Abundant Living Vol. XIII, Issue 46

“Why do you look at the speck of sawdust in your brother’s eye and pay no attention to the plank in your own eye?  – Matthew 7:3 

Fiorello LaGuardia, the colorful Depression era mayor of New York City, once walked into a night court in one of the city’s poorest wards, dismissed the judge for the evening, and took over the bench himself.  A tattered old woman was brought before him charged with stealing a loaf of bread to feed her starving grandchildren.  After hearing the evidence from both sides, LaGuardia upheld the law by punishing the old woman with a ten-dollar fine or ten days in jail.  But even as he was pronouncing the sentence he reached into his own pocket and produced a ten-dollar bill, exclaiming these words to all present in the courtroom: “Here is the ten-dollar fine which I now remit; and furthermore, I am going to fine everyone in this courtroom fifty cents for living in a town where a person has to steal bread so that her grandchildren can eat.  Mr. Bailiff, collect the fines and give them to the defendant.”

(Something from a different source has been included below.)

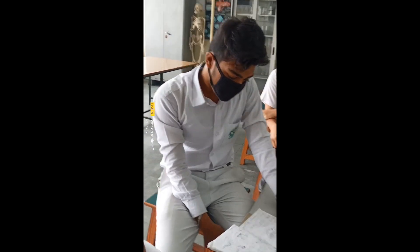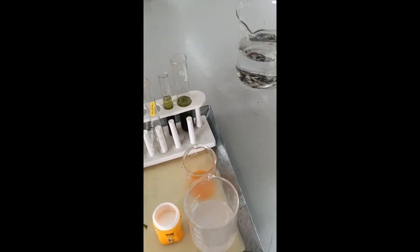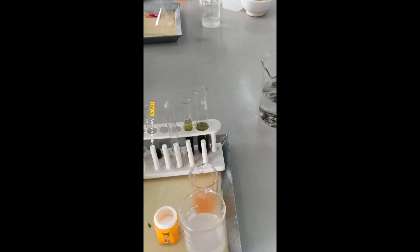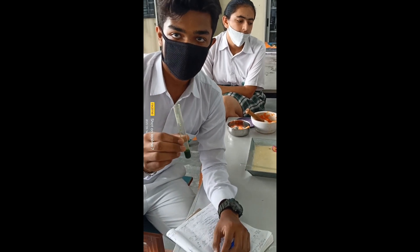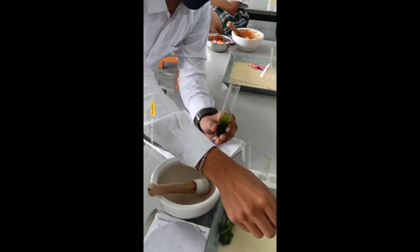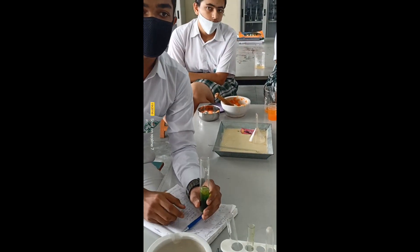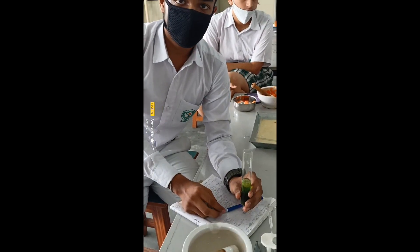For the reactions to take place, the cell membrane needs to break down. We have added distilled water, NaCl, and shampoo solution. The function of shampoo is that it acts as a weak detergent and helps to break down the cell membranes so that the fluid comes out.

Now, being the good citizen that I am, I have always dutifully shown up in court whenever I’ve receive a jury summons.  And there’s one thing that is always predictable.  At some point during the voir dire process the attorneys, as well as the judge, will instruct the jury panel on the importance of weighing all the evidence before passing judgment.

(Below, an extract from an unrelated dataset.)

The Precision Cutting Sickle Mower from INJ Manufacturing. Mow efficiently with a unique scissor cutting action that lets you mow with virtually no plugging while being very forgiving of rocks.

Every time I hear that little admonition I am forced to take pause.  While I’m great at passing judgment on others, something I do frequently, I’m not quite so adept at weighing the evidence.  And there’s good reason for that; for digging deeper into the evidence against someone else has this strange effect of revealing my own guilt.

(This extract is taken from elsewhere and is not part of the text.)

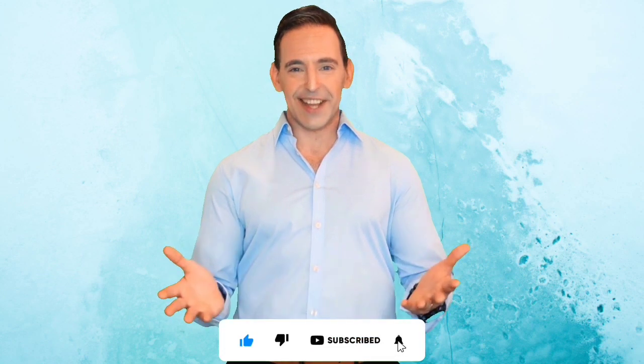We tested many of them before making this list, so if you choose from here, you can be rest assured that you are buying the best product. Check the description below for product links and updated prices. Also, don't forget to subscribe to our channel. So let's get started!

Mayor LaGuardia must surely have had the same experience in that night court back in January of 1935.  The evidence clearly revealed the woman’s guilt as undeniable.  Yet, in digging deeper, neither was the Mayor able to deny his own, and why he assessed the biggest fine against himself.  After all, he was the mayor of a town where a person had to steal bread so that her grandchildren could eat, which must have caused him to ask himself, “Why do you look at the speck of sawdust in your brother’s eye and pay no attention to the plank in your own eye?”